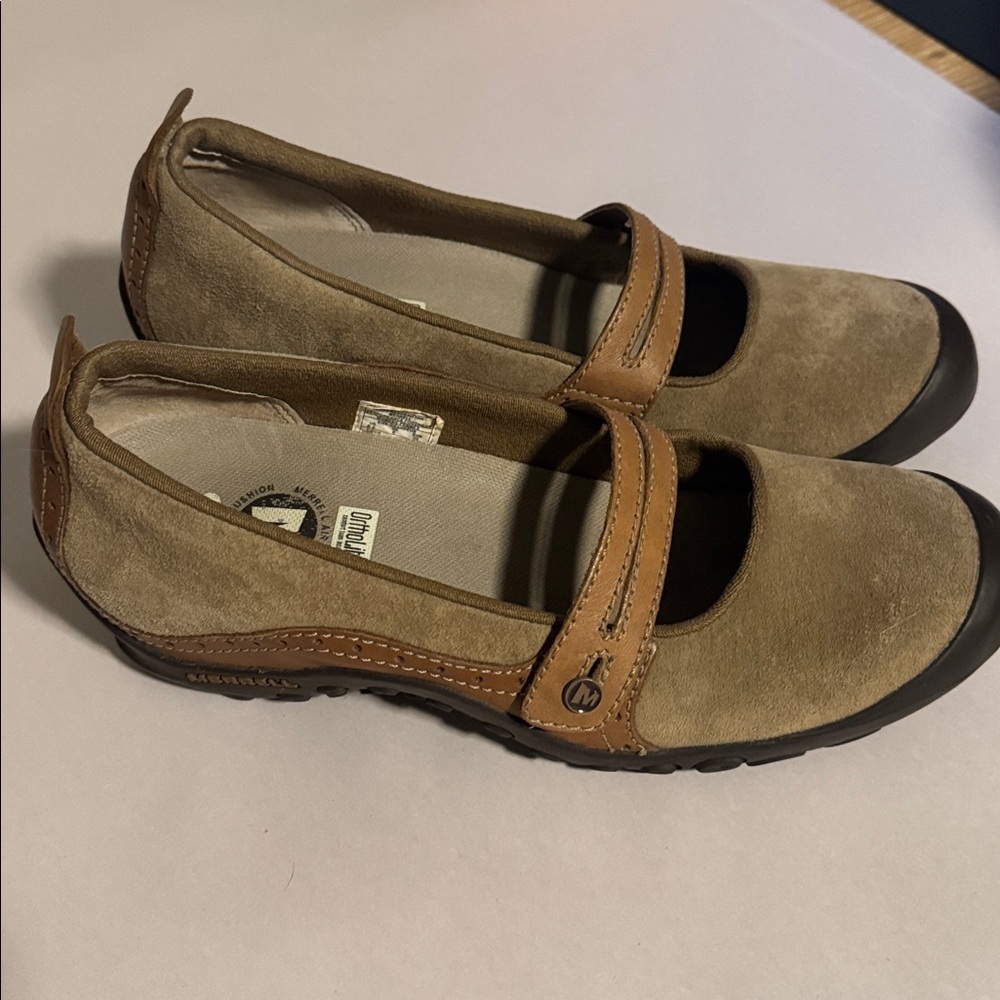 Merrell Plaza Bandeau Mary Janes Womens 8.5 Performance shoe Leather Suede cute - Picture 2 of 11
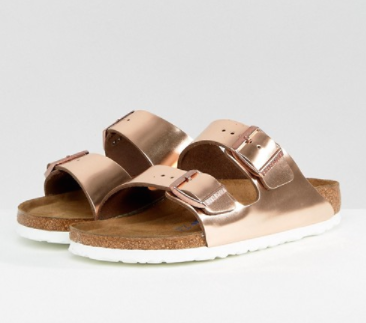 Birkenstock Arizona Copper Leather Flat Sandals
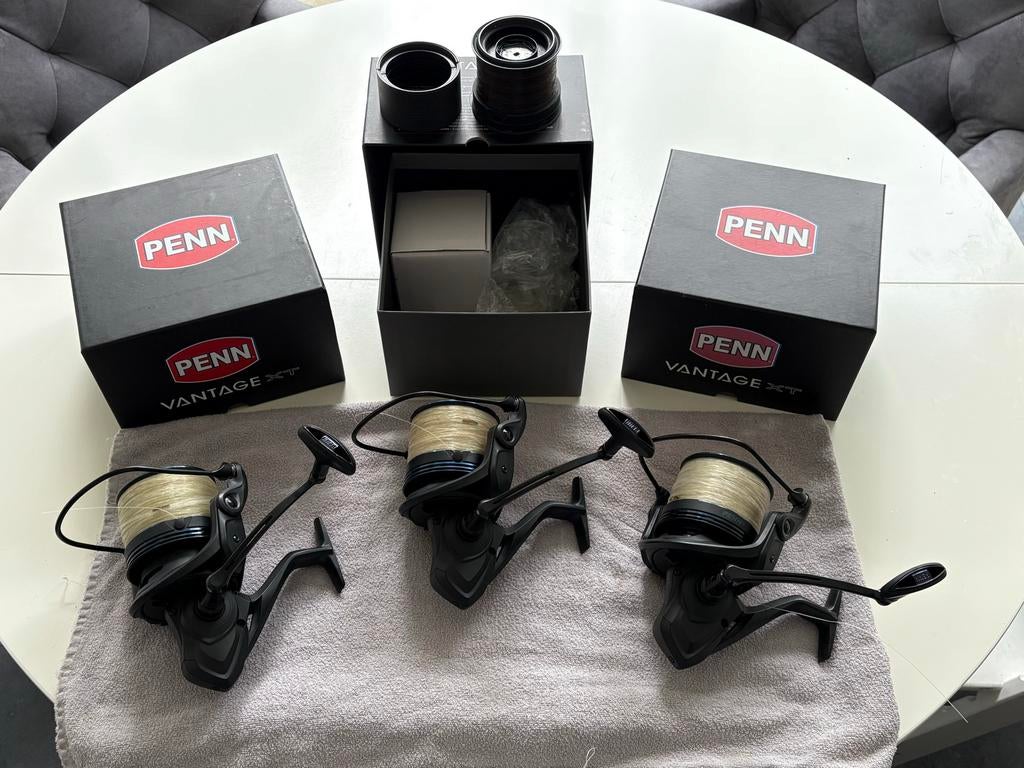 3x Penn Vantage XT 8000 big-pitt karpermolens!, Watersport en Boten, Ophalen, Zo goed als nieuw, Molen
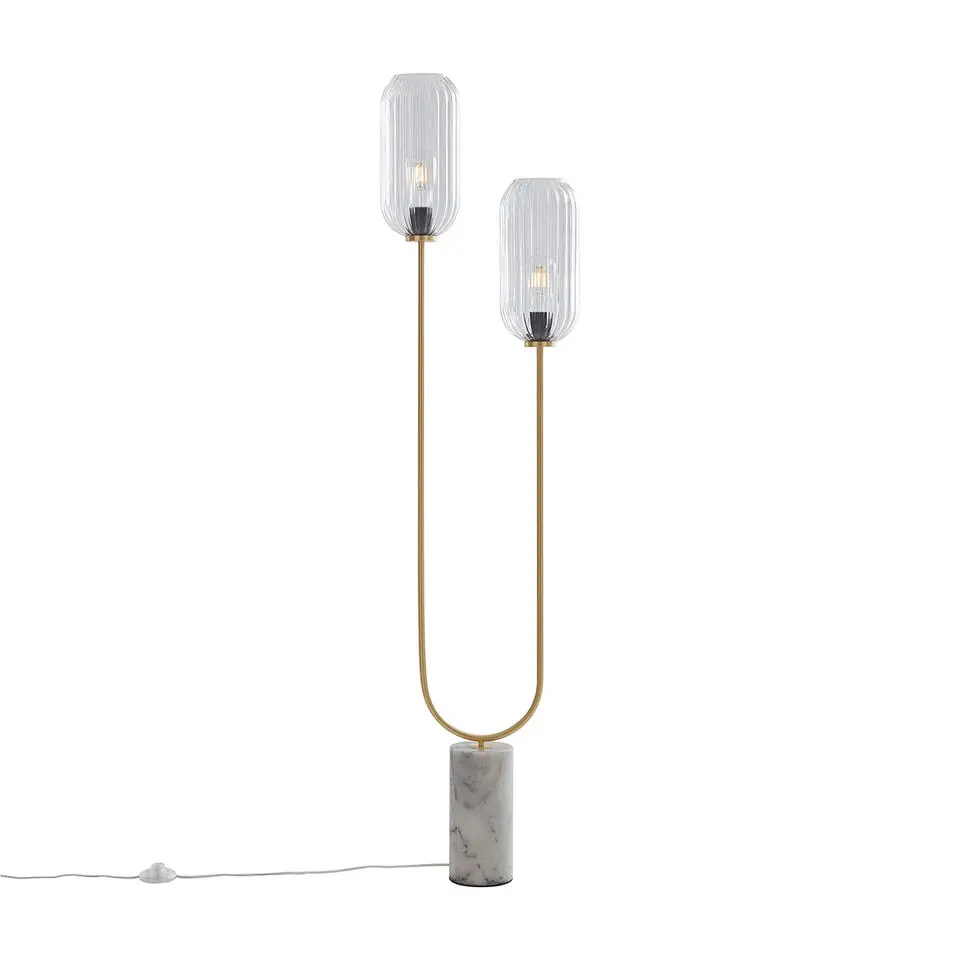 Qazqa vloerlampen rid goudkleurig e27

· · · · · · ·

**Work item**. Write out exactly the lines from the one that contains "3x Penn Vantage" through the last line of the data above, both included. Leave every picture out.

**Response**.
 3x Penn Vantage XT 8000 big-pitt karpermolens!, Watersport en Boten, Ophalen, Zo goed als nieuw, Molen
 Qazqa vloerlampen rid goudkleurig e27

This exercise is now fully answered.